Driverless buses in Gdańsk to deliver old and disabled to cemeteries to reduce graveyard traffic

The bus which can accommodate up to eight passengers at a time, will operate along an 800 metre track. Sohjoa Baltic/Facebook

Driverless buses have begun delivering the elderly and disabled to cemeteries as part of an international project to reduce graveyard traffic.

Named the Sohjoa Baltic Last Mile project, the new part of the project in Gdańsk will help visitors to the city’s 50 hectare Łostowice Cemetery, where they will then be driven around.

With an estimated 50 to 70 cars being used on the grounds each day, the hope is that the bus will dramatically reduce the disruption caused to other visitors.

The buses are equipped with 360 degree video and safety sensors.Sohjoa Baltic/Facebook

The bus which can accommodate up to eight passengers at a time, will operate along an 800 metre track.

While it will normally operates autonomously while being monitored remotely, for the first week a driver will be onboard to react if needed.

The buses are equipped with 360 degree video and safety sensors.

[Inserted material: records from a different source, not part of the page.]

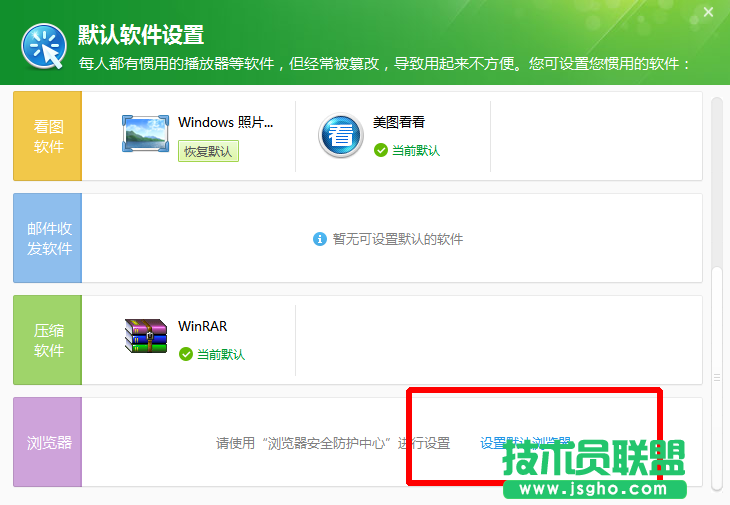 360安全衛(wèi)士默認軟件設(shè)置在哪？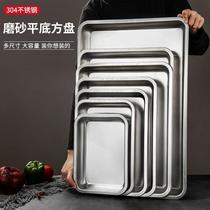 304不锈钢长方形托盘家用烤箱烤盘酒店餐厅餐盘加厚菜盘厨房方盘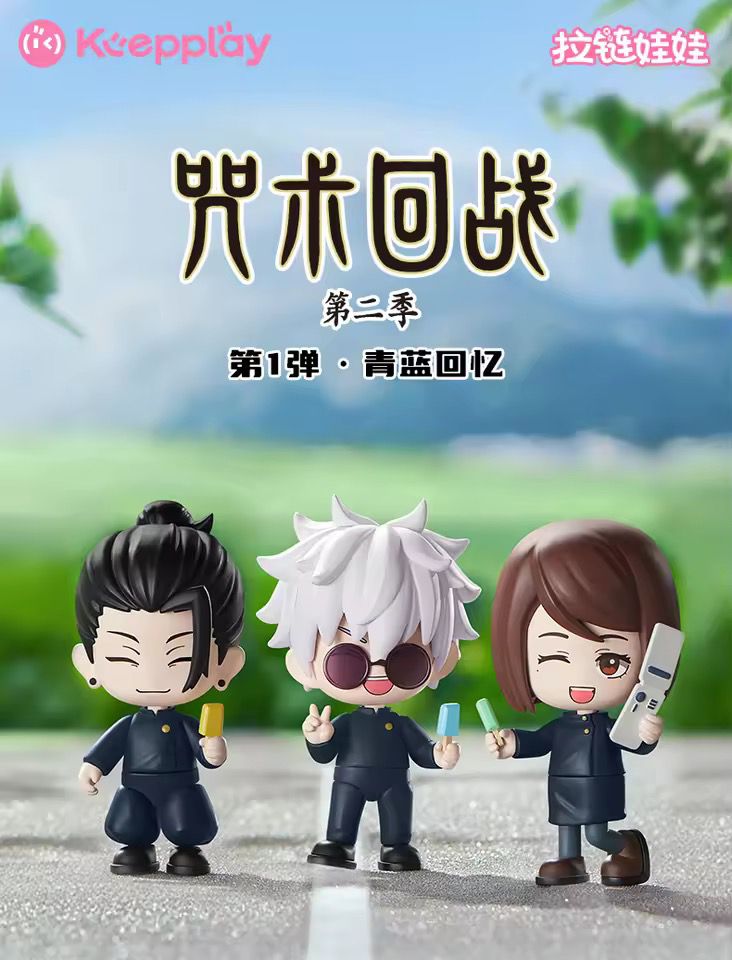 Figuras Jujutsu Kaisen Zipper Blind box ORIGINALES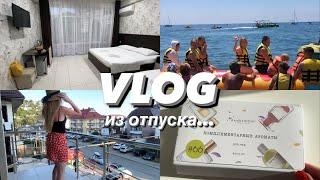 NEW VLOG: Набор ароматов. Мой отпуск. Лазаревское. Обзор номера и гостевого дома. Катаюсь на банане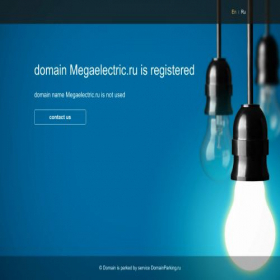 Скриншот главной страницы сайта megaelectric.ru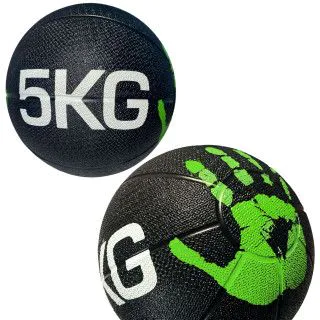 Медбол із відскоком HAND 5 кг (діаметр 22 см)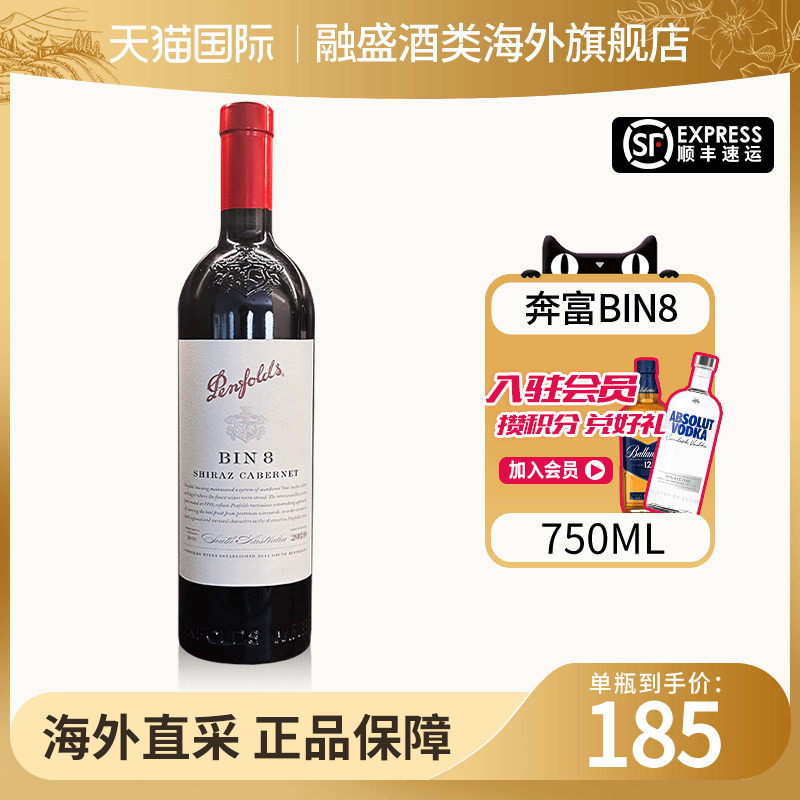 奔富BIN8设拉子赤霞珠干红葡萄酒图片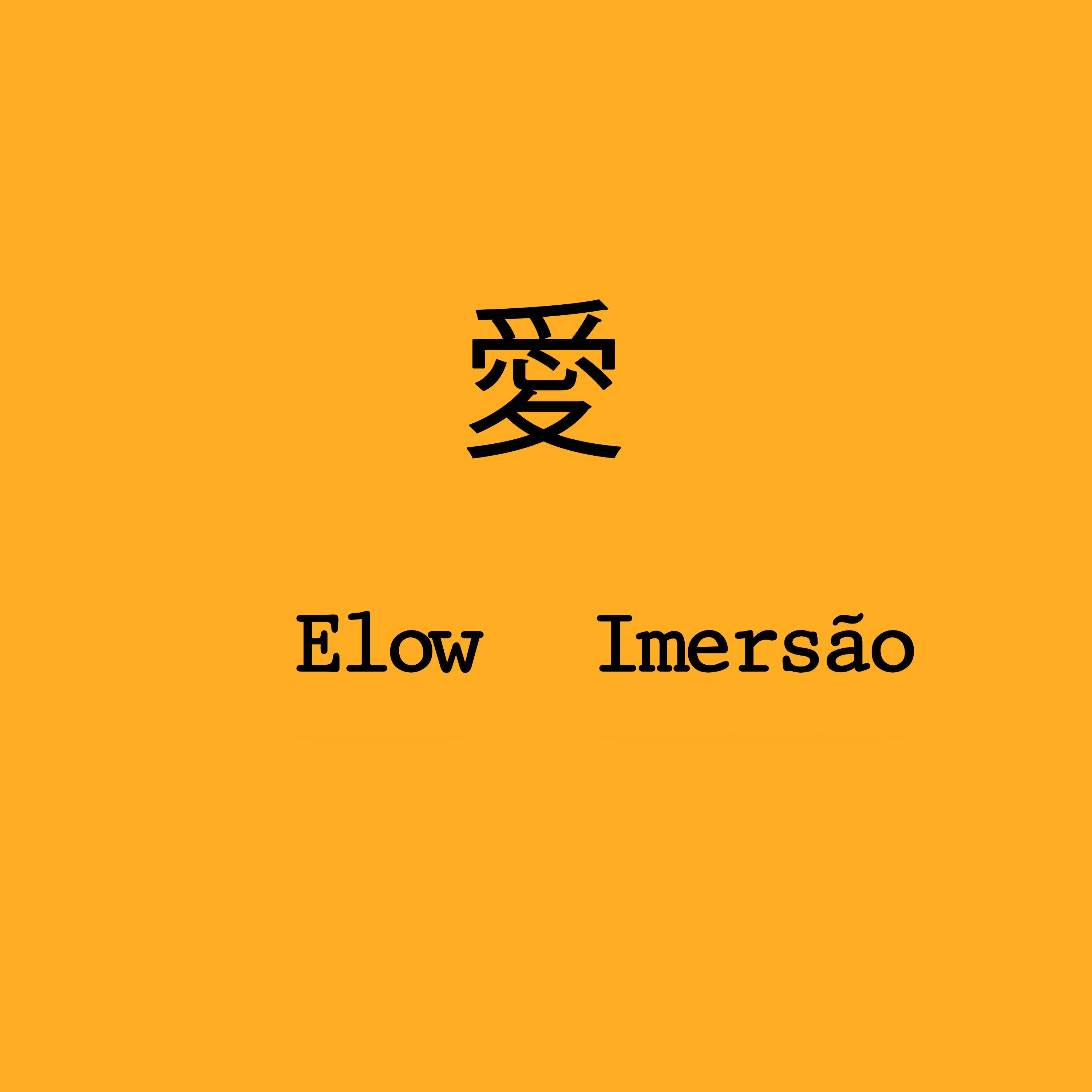 Imersão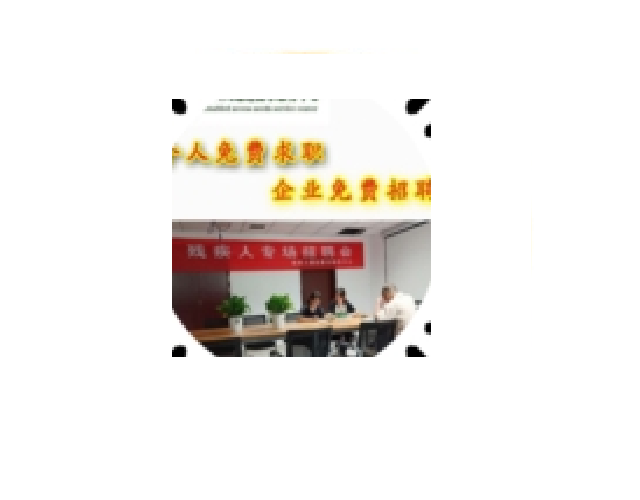 綏濱就業(yè)小程序開(kāi)發(fā)(綏濱就業(yè)小程序開(kāi)發(fā)招聘)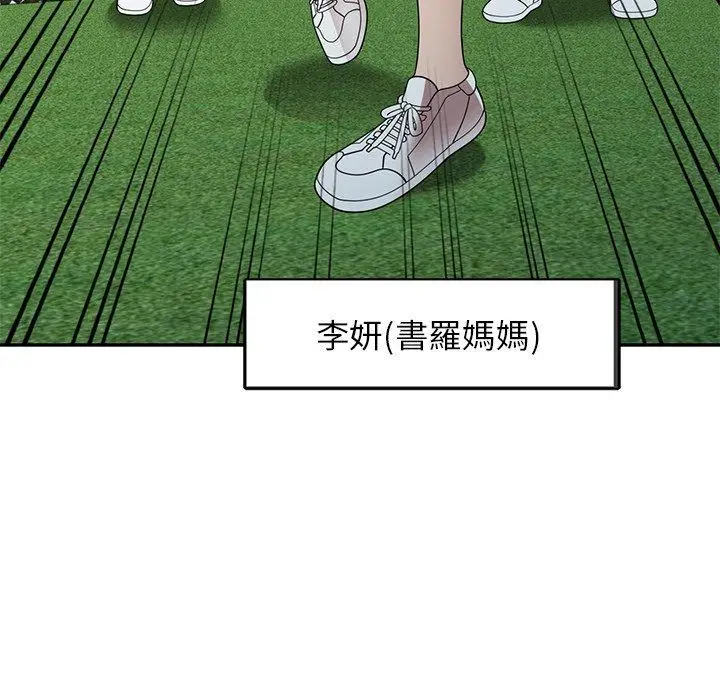 漫画《妈妈是球僮》第23话第81张图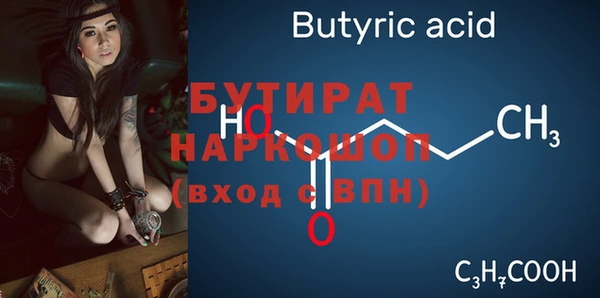 марихуана Вязники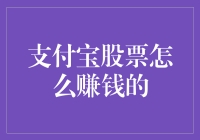 支付宝股票投资策略：深度解析与实战指南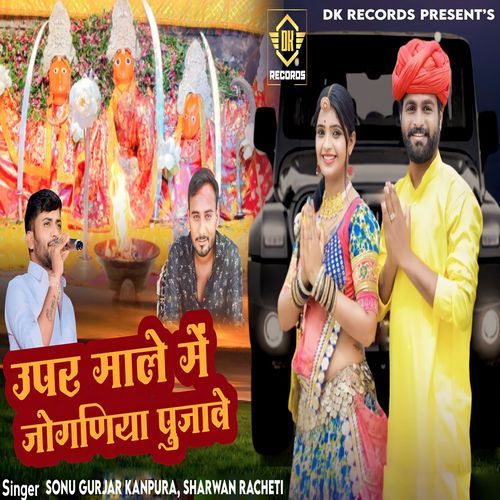 Upar Male Me Joganiya Pujave (Original)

The EU-funded project currently operates in Finland, Norway, Estonia, Latvia and Poland.

With between 50 to 70 cars being used on the grounds of the city’s largest cemetery every day, the International ‘Last Mile’ project hopes to reduce disruption to other visitors.Sohjoa Baltic/Facebook

With a total budget of 3.7 million EUR coming from the Interreg Baltic Sea Region program, Gdańsk only had to fund 15 percent of their projects.

In 2019 the project ran an automated service for the last mile to Gdańsk zoo, a trial that proved popular with users and provided valuable data to researchers from the University of Applied Sciences Helsinki Metropolis who are leading the project.

During the 2019 project the bus travelled 632 km and transported 3,325 passengers.